Returns a generator that yields all projects that match the query formed by intersecting all specified constraints. The search is not restricted by any parameters that were unspecified.

dxpy.bindings.search.org_find_apps(org_id, name=None, name_mode='exact', category=None, all_versions=None, published=None, created_by=None, developer=None, authorized_user=None, created_after=None, created_before=None, modified_after=None, modified_before=None, describe=False, limit=None, return_handler=False, first_page_size=100, **kwargs)[source]
Parameters:
  • name (string) – Name of the app (also see name_mode)

  • name_mode (string) – Method by which to interpret the name field “exact”: exact match, “glob”: use “*” and “?” as wildcards, “regexp”: interpret as a regular expression

  • category (string) – If specified, only returns apps that are in the specified category

  • all_versions (boolean) – Whether to return all versions of each app or just the version tagged “default”

  • published (boolean) – If specified, only returns results that have the specified publish status True for published apps, False for unpublished apps

  • created_by (string) – If specified, only returns app versions that were created by the specified user (of the form “user-USERNAME”)

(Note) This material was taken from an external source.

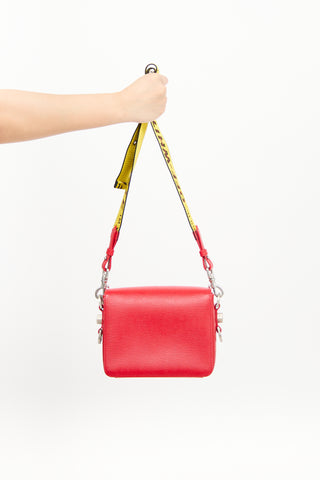 Off-White Red & Multi Saffiano Leather Logo Flap Bag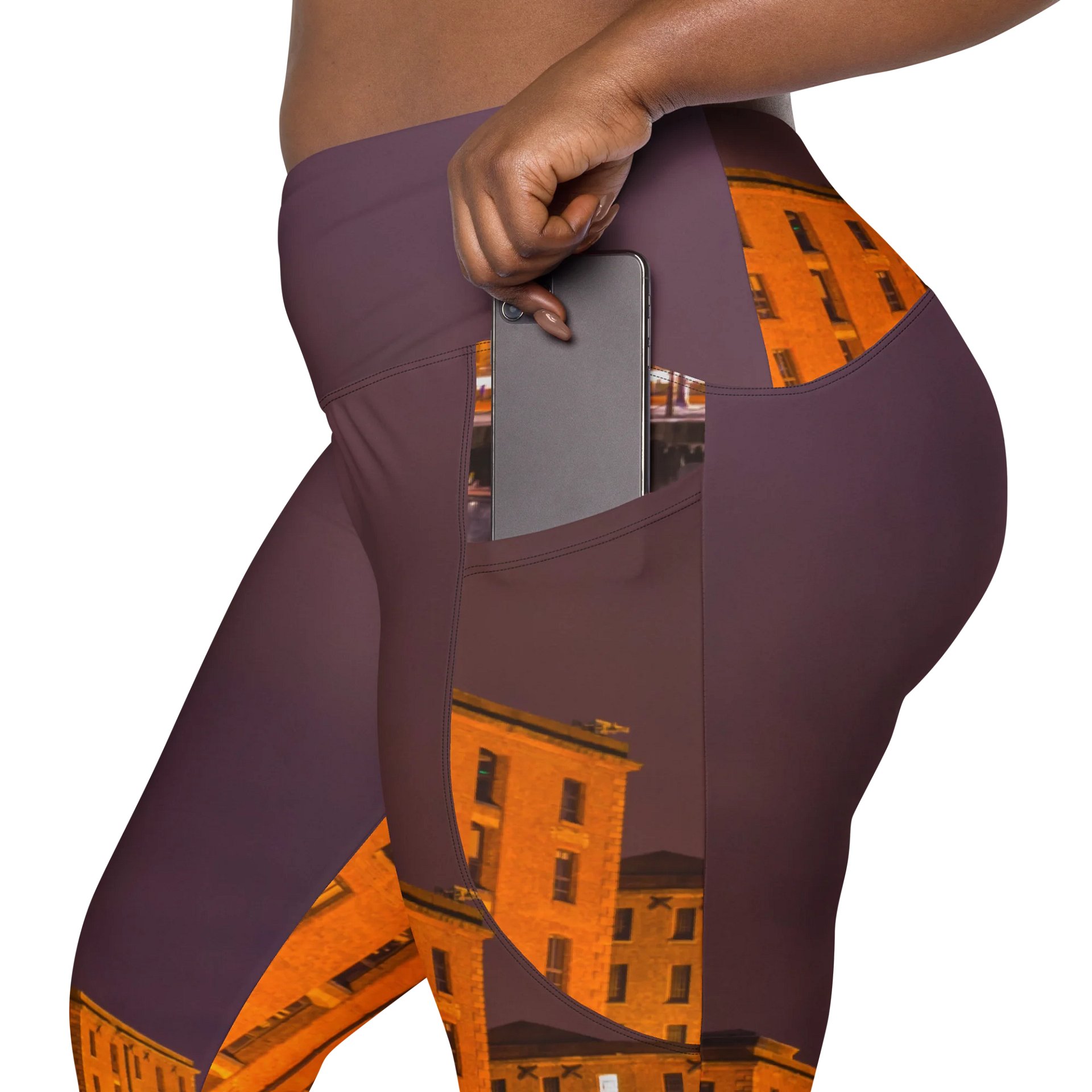 'Somewhere in the City' Crossover Leggings with Pockets product image (8)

  • developer (string) – If specified, only returns apps for which the specified user (of the form “user-USERNAME”) is a developer

  • authorized_user (string) – If specified, only returns apps for which the specified user (either a user ID, org ID, or the string “PUBLIC”) appears in the app’s list of authorized users

  • created_after (int or string) – Timestamp after which each result was last created (see note accompanying find_data_objects() for interpretation)

  • created_before (int or string) – Timestamp before which each result was last created (see note accompanying find_data_objects() for interpretation)

  • modified_after (int or string) – Timestamp after which each result was last modified (see note accompanying find_data_objects() for interpretation)

  • modified_before (int or string) – Timestamp before which each result was last modified (see note accompanying find_data_objects() for interpretation)

  • describe (bool or dict) – Controls whether to also return the output of calling describe() on each app. Supply False to omit describe output, True to obtain the default describe output, or a dict to be supplied as the describe call input (which may be used to customize the set of fields that is returned)

  • limit (int) – The maximum number of results to be returned (if not specified, the number of results is unlimited)

  • first_page_size (int) – The number of results that the initial API call will return. Subsequent calls will raise this by multiplying by 2 up to a maximum of 1000.

  • return_handler (boolean) – If True, yields results as dxpy object handlers (otherwise, yields each result as a dict with keys “id” and “project”)

Return type:

generator

Returns a generator that yields all apps that match the query. It transparently handles paging through the result set if necessary. For all parameters that are omitted, the search is not restricted by the corresponding field.

dxpy.bindings.search.find_orgs(query, first_page_size=10)[source]
Parameters:
  • query (dict) – The input to the /system/findOrgs API method.

  • first_page_size (int) – The number of results that the initial /system/findOrgs API call will return; default 10, max 1000. Subsequent calls will raise the number of returned results exponentially up to a max of 1000.

Return type:

generator

Returns a generator that yields all orgs matching the specified query. Will transparently handle pagination as necessary.